Corben avait étudié le dessin au Kansas Art Institute, pour se consacrer dans un premier temps au cinéma d’animation. Mais c’est dans les ateliers de comics qu’il apprendra réellement son métier. Que de chemin parcouru depuis sa première série, Fantagor, autopubliée ! Dans les années 1970, il entre chez Warren publishing, et met son talent au service de Vampirella, Creepy et autres histoires fantastiques, d’horreur ou de science-fiction. Son talent traverse l’Atlantique : repéré par le magazine français Actuel, il y publie en 1972 les premières images de celui qui deviendra son héros récurrent, Den. Une série fantastique centrée sur un jeune homme intello, maigrichon et un peu naïf, qui en intégrant le monde parallèle de Neverwhere, devient un gros-plein-de-muscles qui vit d’incroyables aventures la plupart du temps nu comme un ver. L’imagerie tient à la fois aux univers de Robert Howard (le mythe hyboréen), d’Edgar Rice Burrough (pour les décors inspirés de la planète Barsoom), avec un léger saupoudrage de H.P. Lovecraft. Sans dénigrer le potentiel érotique, qui a suscité pas mal d’émois chez nombre d’adolescents des années quatre-vingt (Den s’est baladé jusque dans les années 2000). « La nudité et la sexualité outrancière des Den répondaient à l’esprit de rébellion et à la nature hédoniste qui m’animaient à l’époque, avait expliqué Corben au magazine Kaboom. Je voulais créer un personnage qui soit le plus épique possible, avec une sexualité plus frontale que tout ce qui avait été fait auparavant en bande dessinée. Ce qui impliquait de bousculer les limites de l’esprit libertaire de la BD underground. »
Après Actuel, Den sera accueilli, dès 1975, par Métal Hurlant. Corben y fera la connaissance de Moebius, Philippe Druillet, Jean-Pierre Dionnet… Il sera d’ailleurs l’un des piliers de béa y Métal, la déclinaison anglophone du magazine, toujours publiée à ce jour. Druillet dira de lui qu’il était « un zombie de l’image, un dingue aux images puissantes, folles et d’une justesse non contestable ». Cinquante ans durant, il a mis son talent au service de toutes les maisons d’édition de comics, des plus connues du grand public (Marvel pour The Punisher ou Hulk, DC pour Batman) aux adulées des seuls connaisseurs (Dark Horse, Vertigo) ; des américaines aux françaises (Les humanoïdes associés, Les éditions du Triton, Futuropolis…).

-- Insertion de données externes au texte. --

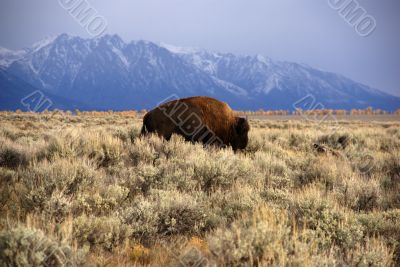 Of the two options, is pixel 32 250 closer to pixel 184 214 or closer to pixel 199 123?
pixel 184 214

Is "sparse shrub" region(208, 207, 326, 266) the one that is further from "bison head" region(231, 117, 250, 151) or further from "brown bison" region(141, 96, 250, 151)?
"bison head" region(231, 117, 250, 151)

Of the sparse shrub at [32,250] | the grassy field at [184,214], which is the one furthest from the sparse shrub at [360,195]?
the sparse shrub at [32,250]

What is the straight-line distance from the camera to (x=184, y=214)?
411 centimetres

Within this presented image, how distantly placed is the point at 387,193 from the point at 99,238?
4782 millimetres

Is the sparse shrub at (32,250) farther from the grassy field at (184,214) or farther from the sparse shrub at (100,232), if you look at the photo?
the sparse shrub at (100,232)

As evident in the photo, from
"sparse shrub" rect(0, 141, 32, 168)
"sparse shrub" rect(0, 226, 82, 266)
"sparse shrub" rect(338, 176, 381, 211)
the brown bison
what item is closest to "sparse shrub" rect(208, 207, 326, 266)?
"sparse shrub" rect(0, 226, 82, 266)

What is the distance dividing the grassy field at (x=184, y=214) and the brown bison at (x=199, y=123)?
6.29 feet

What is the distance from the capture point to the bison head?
10.2 metres

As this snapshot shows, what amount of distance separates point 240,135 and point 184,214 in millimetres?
6336

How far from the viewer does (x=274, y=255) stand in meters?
2.60

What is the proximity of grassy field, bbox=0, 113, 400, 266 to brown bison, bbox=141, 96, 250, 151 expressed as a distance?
1918 millimetres

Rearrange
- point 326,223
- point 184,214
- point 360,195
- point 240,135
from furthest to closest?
1. point 240,135
2. point 360,195
3. point 184,214
4. point 326,223

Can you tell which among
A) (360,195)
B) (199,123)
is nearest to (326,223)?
(360,195)

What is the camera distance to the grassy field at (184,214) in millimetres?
2602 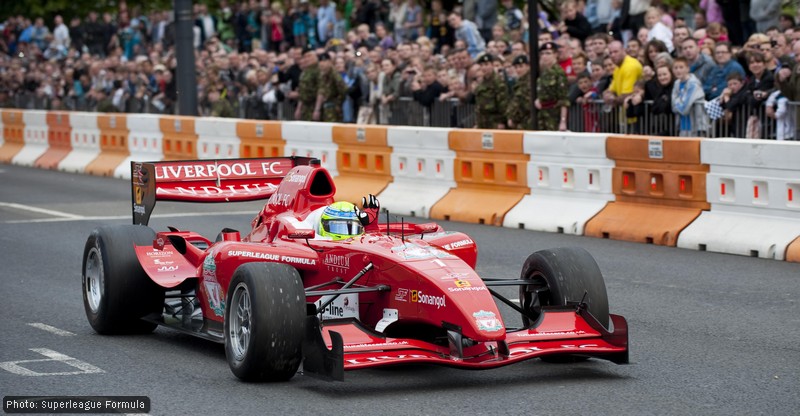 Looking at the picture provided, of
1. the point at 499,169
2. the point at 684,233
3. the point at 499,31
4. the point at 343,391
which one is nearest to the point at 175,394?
the point at 343,391

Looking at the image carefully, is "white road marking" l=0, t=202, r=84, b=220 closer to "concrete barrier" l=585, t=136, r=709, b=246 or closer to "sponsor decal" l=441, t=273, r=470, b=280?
"concrete barrier" l=585, t=136, r=709, b=246

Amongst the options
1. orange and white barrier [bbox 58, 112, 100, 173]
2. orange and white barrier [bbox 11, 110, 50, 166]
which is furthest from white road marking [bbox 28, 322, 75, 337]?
orange and white barrier [bbox 11, 110, 50, 166]

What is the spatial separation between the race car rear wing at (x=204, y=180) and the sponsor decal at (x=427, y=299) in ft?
9.61

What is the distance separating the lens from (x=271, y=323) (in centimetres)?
745

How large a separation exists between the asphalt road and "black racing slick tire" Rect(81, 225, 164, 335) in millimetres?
160

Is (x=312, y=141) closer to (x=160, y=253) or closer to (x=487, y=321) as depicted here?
(x=160, y=253)

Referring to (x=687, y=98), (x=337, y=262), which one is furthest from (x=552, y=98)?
(x=337, y=262)

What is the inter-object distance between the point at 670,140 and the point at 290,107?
1124 cm

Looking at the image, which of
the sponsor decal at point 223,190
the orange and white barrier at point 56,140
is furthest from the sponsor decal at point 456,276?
the orange and white barrier at point 56,140

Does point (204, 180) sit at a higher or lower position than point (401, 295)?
higher

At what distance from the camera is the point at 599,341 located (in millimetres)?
7875

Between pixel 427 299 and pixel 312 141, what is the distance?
1227 centimetres

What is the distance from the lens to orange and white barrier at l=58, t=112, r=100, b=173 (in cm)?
2582

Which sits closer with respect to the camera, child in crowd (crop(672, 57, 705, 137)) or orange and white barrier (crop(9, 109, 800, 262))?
orange and white barrier (crop(9, 109, 800, 262))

Richard Corben n’a jamais posé sa plume, marquant de son trait à mi-chemin entre « caricature grotesque et réalisme exacerbé », selon Comics blog. Dans les années 2000, il a beaucoup adapté Conan, donnant une nouvelle dimension et de fantastiques développements à l’univers de Howard, mais aussi de nombreux écrits de Lovecraft, d’Edgar Allan Poe… De la bande-dessinée « sans compromis artistique ou philosophique », pour un auteur « resté éternellement fidèle à ses obsessions de jeunesse », écrit Comics Blog. Au total, il laisse plus de 5 000 planches, et plus d’une centaine d’œuvres. De quoi tapisser les murs fictifs du Temple de la renommée Will Eisner, où il était entré en 2012…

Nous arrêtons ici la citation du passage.